For this exercise, restate word for word only the lines from the one containing "Bead - 8-4488*" through the last line below. Pictures do not get copied.

### DATA EXTRACTS
=== Begin Enclosure ===

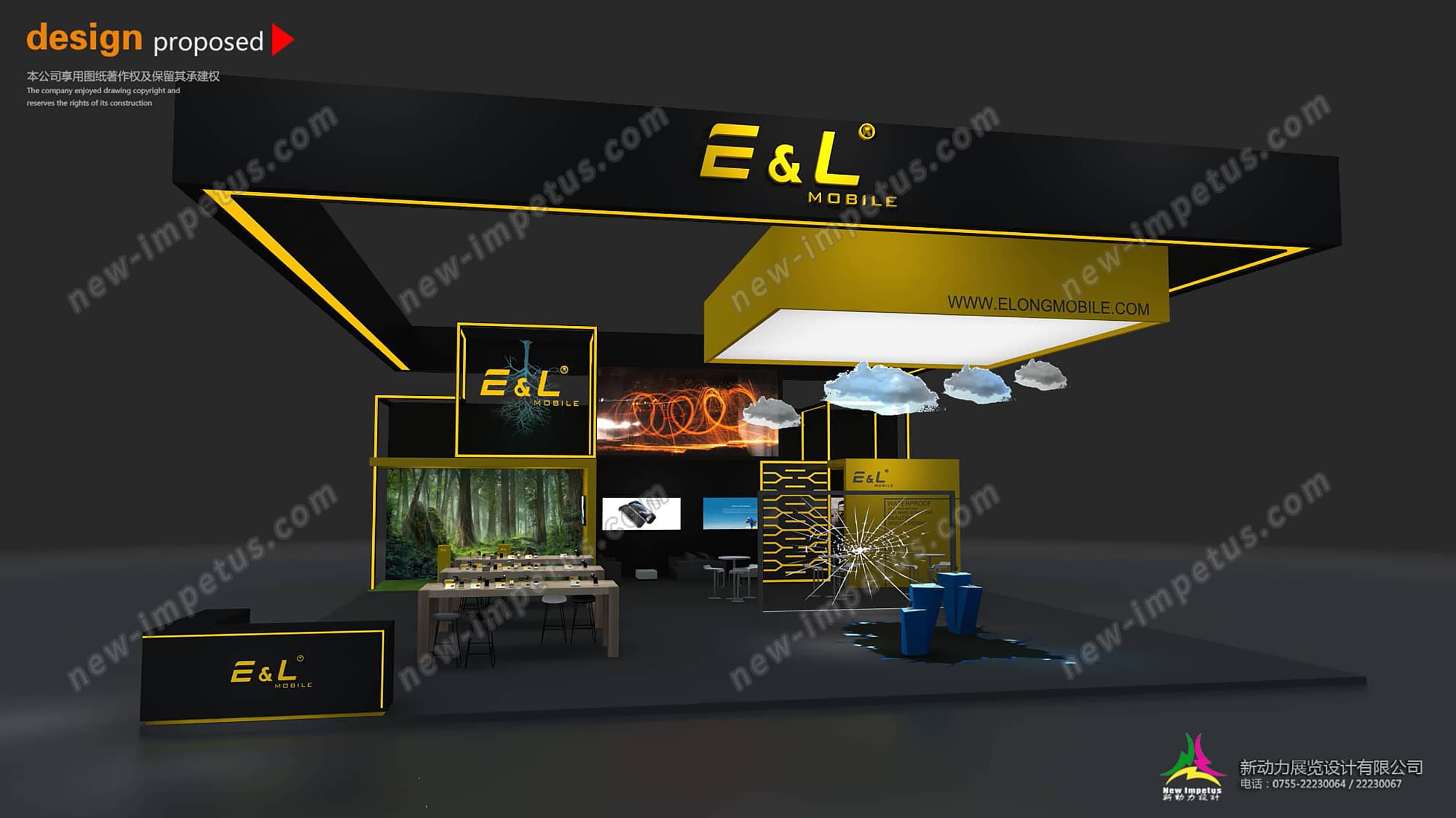 如何節(jié)約展位展臺(tái)搭建成本？方法在這里！(圖1)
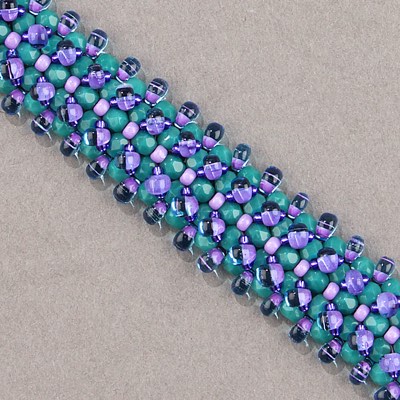 8-4488:  8/0 Duracoat Dyed Opaque Columbine Miyuki Seed Bead - 8-4488*
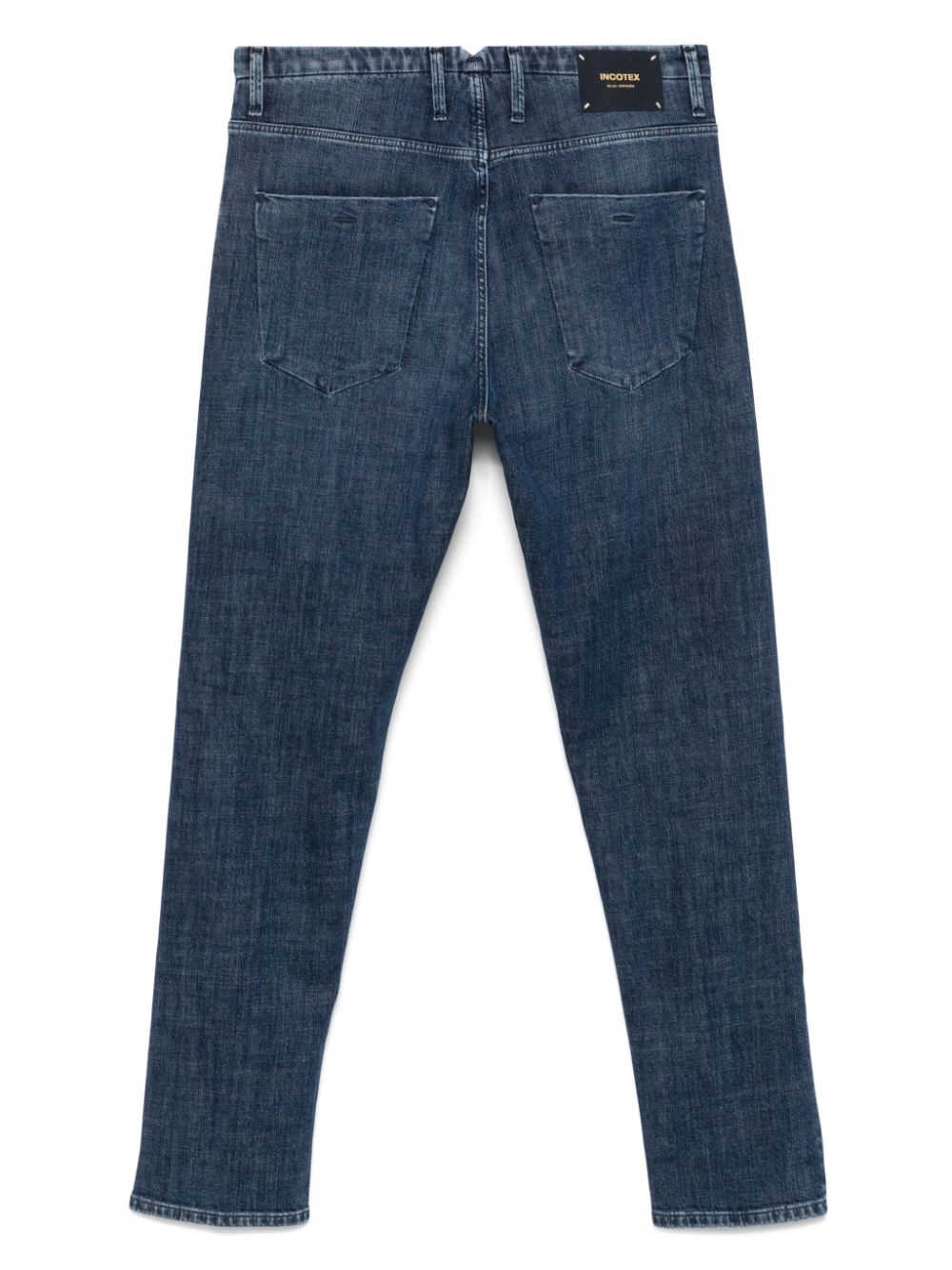 Incotex Slim-fit jeans - Blauw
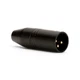 RODE R&Oslash;DE 3.5mm Mini 3-pin XLR 3.5mm 3-pin XLR Black Mini-jack- 3-pin 400830010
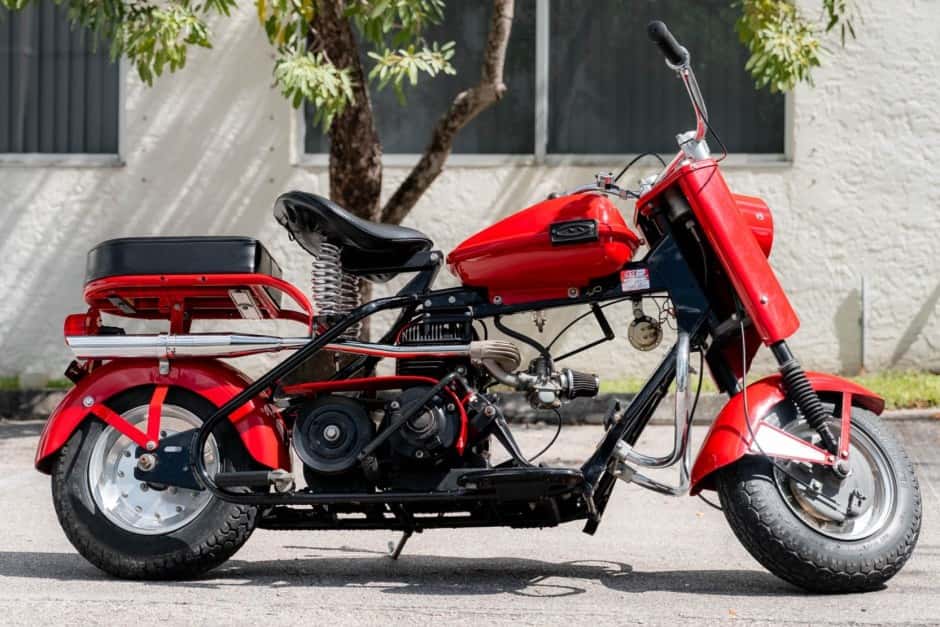 1957 Cushman Eagle sold for $4,000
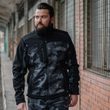 CAMOS Jacket black/grey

=== End Enclosure ===

### ANSWER SPACE
 8-4488:  8/0 Duracoat Dyed Opaque Columbine Miyuki Seed Bead - 8-4488*
 Incotex Slim-fit jeans - Blauw
 RODE R&Oslash;DE 3.5mm Mini 3-pin XLR 3.5mm 3-pin XLR Black Mini-jack- 3-pin 400830010
 1957 Cushman Eagle sold for $4,000
 CAMOS Jacket black/grey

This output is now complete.